[The records Boundary: Start]
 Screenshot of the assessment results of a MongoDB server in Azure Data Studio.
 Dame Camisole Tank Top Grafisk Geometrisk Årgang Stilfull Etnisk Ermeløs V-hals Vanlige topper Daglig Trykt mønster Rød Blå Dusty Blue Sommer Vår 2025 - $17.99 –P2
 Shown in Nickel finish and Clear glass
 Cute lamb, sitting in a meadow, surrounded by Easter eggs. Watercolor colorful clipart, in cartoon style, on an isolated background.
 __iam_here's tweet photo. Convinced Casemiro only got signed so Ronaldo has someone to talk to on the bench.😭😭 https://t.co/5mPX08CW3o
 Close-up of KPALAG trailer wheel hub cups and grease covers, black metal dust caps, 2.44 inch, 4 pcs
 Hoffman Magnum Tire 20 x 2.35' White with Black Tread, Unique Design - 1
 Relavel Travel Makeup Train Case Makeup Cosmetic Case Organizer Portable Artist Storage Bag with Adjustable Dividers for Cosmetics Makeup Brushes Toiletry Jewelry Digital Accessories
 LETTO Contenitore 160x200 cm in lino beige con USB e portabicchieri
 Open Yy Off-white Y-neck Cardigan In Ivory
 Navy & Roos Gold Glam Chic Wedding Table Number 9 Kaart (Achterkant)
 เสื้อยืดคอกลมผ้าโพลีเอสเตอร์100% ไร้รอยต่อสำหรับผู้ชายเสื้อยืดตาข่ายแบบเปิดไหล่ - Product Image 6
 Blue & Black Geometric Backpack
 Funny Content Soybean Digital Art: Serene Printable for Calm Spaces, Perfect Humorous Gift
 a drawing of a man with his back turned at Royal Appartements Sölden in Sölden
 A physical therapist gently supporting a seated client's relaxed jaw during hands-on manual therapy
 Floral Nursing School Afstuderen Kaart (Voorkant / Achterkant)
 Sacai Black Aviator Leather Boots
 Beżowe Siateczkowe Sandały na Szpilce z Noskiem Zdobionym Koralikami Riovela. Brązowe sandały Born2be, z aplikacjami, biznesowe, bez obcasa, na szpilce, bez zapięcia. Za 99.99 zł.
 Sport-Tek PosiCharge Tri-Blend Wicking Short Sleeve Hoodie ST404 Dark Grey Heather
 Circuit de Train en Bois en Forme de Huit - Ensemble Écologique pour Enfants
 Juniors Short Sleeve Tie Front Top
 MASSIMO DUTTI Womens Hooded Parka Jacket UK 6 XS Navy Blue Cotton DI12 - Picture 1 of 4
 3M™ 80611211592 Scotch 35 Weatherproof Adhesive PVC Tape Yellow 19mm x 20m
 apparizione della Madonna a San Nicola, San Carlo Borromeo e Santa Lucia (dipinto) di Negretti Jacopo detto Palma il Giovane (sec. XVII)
[The records Boundary: End]
# What you should do
Return only the exact lines from the opening of the records through the line that contains "the bench.😭😭 https://t.co/5mPX08CW3o", both included.

# Response to the exercise
 Screenshot of the assessment results of a MongoDB server in Azure Data Studio.
 Dame Camisole Tank Top Grafisk Geometrisk Årgang Stilfull Etnisk Ermeløs V-hals Vanlige topper Daglig Trykt mønster Rød Blå Dusty Blue Sommer Vår 2025 - $17.99 –P2
 Shown in Nickel finish and Clear glass
 Cute lamb, sitting in a meadow, surrounded by Easter eggs. Watercolor colorful clipart, in cartoon style, on an isolated background.
 __iam_here's tweet photo. Convinced Casemiro only got signed so Ronaldo has someone to talk to on the bench.😭😭 https://t.co/5mPX08CW3o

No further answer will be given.